Vision-langugage models (VLMs) have shown strong performance in computer vision (CV), yet their performance on remote sensing (RS) data remains limited due to the lack of large-scale, multi-sensor RS image-text datasets with diverse textual annotations. Existing datasets predominantly include aerial Red-Green-Blue imagery, with short or weakly grounded captions, and provide limited diversity in annotation types. To address this limitation, we introduce BigEarthNet.txt, a large-scale, multi-sensor image-text dataset designed to advance instruction-driven image-text learning in Earth observation across multiple tasks.

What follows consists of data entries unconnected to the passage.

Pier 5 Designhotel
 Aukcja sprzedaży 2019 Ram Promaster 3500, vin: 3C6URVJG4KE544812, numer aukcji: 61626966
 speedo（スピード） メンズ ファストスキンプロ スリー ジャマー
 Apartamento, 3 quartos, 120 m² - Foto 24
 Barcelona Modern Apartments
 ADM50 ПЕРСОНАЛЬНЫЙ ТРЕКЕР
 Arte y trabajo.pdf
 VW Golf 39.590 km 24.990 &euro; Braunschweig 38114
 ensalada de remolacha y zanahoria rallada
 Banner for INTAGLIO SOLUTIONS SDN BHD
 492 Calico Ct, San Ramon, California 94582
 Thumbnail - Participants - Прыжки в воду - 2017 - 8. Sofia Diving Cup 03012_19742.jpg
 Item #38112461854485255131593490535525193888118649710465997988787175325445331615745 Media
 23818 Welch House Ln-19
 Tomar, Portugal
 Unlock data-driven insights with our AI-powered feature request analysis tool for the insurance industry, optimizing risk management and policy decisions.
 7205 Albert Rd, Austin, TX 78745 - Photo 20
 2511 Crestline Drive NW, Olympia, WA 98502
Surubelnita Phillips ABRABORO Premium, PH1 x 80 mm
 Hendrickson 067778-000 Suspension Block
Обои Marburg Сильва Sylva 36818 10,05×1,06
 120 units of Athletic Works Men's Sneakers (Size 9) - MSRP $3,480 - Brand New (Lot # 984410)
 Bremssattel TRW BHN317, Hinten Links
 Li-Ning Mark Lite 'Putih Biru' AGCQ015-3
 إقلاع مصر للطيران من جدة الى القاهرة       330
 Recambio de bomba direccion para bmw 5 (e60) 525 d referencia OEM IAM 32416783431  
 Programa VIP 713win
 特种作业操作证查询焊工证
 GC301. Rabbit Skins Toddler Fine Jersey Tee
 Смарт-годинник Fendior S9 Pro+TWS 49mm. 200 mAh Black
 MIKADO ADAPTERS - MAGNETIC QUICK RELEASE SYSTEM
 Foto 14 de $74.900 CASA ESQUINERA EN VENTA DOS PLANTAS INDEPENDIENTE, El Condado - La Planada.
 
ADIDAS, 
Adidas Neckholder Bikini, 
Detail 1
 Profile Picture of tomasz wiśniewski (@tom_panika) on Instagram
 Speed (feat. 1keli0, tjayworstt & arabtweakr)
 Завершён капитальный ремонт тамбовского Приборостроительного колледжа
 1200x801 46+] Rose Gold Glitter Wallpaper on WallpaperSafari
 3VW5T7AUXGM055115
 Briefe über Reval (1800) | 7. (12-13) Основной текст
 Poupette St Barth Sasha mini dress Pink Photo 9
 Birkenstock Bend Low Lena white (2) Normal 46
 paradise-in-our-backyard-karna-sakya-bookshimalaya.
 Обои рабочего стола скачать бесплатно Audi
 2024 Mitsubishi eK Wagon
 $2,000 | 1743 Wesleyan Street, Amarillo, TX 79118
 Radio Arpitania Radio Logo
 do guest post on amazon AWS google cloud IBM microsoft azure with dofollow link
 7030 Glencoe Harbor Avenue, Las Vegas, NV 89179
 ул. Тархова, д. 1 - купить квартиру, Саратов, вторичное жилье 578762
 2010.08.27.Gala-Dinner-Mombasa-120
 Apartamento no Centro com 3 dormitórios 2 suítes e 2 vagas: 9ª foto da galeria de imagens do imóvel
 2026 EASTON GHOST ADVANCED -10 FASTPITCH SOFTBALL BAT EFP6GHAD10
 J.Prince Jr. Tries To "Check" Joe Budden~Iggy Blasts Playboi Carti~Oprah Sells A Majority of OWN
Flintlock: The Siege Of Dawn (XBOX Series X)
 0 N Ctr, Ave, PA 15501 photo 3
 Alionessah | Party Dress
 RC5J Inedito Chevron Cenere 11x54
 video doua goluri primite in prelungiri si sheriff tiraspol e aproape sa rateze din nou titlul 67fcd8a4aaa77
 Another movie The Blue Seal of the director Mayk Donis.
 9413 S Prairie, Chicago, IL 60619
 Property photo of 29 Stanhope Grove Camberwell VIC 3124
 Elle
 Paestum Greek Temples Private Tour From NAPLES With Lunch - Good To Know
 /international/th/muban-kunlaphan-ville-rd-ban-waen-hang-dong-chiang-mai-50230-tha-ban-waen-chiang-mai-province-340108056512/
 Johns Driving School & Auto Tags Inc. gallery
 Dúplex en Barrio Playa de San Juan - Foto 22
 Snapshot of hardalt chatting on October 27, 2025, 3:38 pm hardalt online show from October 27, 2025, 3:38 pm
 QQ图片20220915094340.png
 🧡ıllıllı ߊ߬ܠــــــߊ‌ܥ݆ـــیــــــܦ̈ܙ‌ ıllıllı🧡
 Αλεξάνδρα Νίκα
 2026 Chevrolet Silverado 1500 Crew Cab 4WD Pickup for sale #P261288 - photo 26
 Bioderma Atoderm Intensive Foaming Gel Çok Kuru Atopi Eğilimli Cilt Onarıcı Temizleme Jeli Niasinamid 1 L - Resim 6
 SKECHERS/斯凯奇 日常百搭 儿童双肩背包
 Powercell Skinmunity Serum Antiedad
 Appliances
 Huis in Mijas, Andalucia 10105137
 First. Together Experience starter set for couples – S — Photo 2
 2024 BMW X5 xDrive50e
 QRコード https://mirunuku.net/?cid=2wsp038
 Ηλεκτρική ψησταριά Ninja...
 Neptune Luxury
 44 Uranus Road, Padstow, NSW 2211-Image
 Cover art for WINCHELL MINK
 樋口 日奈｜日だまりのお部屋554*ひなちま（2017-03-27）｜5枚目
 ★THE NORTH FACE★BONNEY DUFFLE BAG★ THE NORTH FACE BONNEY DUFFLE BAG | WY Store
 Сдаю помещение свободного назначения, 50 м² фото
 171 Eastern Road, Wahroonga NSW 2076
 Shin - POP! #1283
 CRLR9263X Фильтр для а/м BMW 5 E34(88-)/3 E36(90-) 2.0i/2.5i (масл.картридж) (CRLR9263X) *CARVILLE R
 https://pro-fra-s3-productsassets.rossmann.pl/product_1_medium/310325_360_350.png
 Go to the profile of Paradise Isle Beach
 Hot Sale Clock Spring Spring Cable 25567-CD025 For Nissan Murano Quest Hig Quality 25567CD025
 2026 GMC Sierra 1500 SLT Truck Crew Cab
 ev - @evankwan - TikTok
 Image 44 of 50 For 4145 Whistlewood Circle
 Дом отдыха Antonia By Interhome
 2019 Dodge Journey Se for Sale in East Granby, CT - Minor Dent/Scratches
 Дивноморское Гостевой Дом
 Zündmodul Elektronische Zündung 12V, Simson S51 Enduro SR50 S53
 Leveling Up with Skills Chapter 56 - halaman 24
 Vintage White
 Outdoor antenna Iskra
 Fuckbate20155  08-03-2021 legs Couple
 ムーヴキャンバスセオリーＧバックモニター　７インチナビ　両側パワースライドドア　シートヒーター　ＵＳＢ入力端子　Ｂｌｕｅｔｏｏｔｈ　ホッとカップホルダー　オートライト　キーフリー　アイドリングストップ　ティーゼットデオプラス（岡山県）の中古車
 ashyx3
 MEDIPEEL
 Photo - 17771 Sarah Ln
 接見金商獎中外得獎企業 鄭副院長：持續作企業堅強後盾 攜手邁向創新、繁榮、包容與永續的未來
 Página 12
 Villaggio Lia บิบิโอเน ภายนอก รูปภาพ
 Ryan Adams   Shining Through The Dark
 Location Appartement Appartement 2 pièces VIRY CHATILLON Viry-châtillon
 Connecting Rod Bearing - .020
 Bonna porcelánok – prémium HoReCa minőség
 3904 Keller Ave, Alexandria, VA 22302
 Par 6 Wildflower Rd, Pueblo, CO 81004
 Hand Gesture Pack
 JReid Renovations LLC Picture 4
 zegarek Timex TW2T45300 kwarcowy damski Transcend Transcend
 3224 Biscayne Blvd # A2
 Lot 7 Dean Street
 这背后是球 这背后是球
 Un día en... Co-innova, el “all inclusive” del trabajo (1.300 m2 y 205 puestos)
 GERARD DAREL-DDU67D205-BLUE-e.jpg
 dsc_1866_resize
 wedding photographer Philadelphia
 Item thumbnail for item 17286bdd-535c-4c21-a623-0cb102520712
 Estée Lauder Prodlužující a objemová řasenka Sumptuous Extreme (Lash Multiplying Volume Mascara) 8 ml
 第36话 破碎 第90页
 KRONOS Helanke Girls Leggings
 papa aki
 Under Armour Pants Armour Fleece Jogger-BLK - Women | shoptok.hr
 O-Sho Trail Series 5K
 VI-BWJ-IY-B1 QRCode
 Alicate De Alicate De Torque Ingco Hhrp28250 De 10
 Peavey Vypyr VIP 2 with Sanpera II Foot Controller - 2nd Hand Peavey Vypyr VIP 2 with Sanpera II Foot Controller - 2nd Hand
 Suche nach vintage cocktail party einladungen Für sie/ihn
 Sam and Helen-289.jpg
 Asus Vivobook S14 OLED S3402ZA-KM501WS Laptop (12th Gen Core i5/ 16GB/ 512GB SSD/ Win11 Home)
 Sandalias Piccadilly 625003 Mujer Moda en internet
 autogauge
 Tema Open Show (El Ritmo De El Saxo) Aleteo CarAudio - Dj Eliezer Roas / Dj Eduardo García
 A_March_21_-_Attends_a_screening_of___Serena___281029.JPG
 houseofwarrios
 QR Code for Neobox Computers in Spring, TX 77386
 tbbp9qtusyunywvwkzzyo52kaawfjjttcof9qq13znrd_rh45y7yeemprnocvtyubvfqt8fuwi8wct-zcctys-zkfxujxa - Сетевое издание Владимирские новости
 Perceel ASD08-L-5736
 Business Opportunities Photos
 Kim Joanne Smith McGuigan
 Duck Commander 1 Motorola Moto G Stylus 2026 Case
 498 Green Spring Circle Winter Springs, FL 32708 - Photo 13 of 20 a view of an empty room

BigEarthNet.txt contains 464044 co-registered Sentinel-1 synthetic aperture radar and Sentinel-2 multispectral images with 9.6M text annotations, including: i) geographically anchored captions describing land-use/land-cover (LULC) classes, their spatial relations, and environmental context; ii) visual question answering pairs relevant for different tasks; and iii) referring expression detection instructions for bounding box prediction. Through a comparative statistical analysis, we demonstrate that BigEarthNet.txt surpasses existing RS image-text datasets in textual richness and annotation type variety. We further establish a manually-verified benchmark split to evaluate VLMs in RS and CV. The results show the limitations of these models on tasks that involve complex LULC classes, whereas fine-tuning using BigEarthNet.txt results in consistent performance gains across all considered tasks.